Task goal: Output, please, exactly those lines of the listing that come before the line with "Onan GRCA SERVICE", along with that line itself.

Provided records:
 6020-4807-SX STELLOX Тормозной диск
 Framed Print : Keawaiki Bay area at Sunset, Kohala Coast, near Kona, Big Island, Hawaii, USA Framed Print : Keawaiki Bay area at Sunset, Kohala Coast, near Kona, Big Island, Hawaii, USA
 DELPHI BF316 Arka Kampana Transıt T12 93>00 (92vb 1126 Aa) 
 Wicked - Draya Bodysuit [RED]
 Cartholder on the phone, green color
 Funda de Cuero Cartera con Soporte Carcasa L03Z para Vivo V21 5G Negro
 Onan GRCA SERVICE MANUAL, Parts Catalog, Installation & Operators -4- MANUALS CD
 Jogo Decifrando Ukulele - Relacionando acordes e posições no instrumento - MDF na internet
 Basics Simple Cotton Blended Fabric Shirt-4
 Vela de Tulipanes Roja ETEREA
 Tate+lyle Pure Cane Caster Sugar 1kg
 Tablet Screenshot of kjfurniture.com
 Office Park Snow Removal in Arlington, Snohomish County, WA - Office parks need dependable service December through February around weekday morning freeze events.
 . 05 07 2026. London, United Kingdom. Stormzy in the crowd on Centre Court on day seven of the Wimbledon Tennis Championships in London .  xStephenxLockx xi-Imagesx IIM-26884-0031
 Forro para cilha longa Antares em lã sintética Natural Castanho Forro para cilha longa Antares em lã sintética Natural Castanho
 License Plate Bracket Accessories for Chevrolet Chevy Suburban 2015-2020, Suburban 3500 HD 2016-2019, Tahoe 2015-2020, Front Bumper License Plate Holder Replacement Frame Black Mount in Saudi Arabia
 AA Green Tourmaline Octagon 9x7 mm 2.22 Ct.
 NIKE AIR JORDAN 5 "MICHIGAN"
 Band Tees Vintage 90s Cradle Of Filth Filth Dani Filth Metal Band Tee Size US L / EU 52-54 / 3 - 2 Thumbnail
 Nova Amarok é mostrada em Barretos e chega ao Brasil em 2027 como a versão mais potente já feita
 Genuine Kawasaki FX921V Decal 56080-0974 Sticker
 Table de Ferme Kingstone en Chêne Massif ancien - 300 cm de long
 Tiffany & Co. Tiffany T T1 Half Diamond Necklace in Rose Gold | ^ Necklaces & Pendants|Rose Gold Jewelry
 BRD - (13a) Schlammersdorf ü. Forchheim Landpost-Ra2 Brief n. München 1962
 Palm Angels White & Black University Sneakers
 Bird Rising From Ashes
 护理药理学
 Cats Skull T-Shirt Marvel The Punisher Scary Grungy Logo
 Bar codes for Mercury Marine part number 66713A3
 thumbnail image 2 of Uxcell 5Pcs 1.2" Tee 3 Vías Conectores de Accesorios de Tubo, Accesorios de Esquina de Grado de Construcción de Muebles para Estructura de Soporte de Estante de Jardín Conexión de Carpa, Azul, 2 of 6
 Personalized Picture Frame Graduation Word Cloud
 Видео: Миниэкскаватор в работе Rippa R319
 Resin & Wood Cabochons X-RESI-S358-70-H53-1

Reply to the task:
 6020-4807-SX STELLOX Тормозной диск
 Framed Print : Keawaiki Bay area at Sunset, Kohala Coast, near Kona, Big Island, Hawaii, USA Framed Print : Keawaiki Bay area at Sunset, Kohala Coast, near Kona, Big Island, Hawaii, USA
 DELPHI BF316 Arka Kampana Transıt T12 93>00 (92vb 1126 Aa) 
 Wicked - Draya Bodysuit [RED]
 Cartholder on the phone, green color
 Funda de Cuero Cartera con Soporte Carcasa L03Z para Vivo V21 5G Negro
 Onan GRCA SERVICE MANUAL, Parts Catalog, Installation & Operators -4- MANUALS CD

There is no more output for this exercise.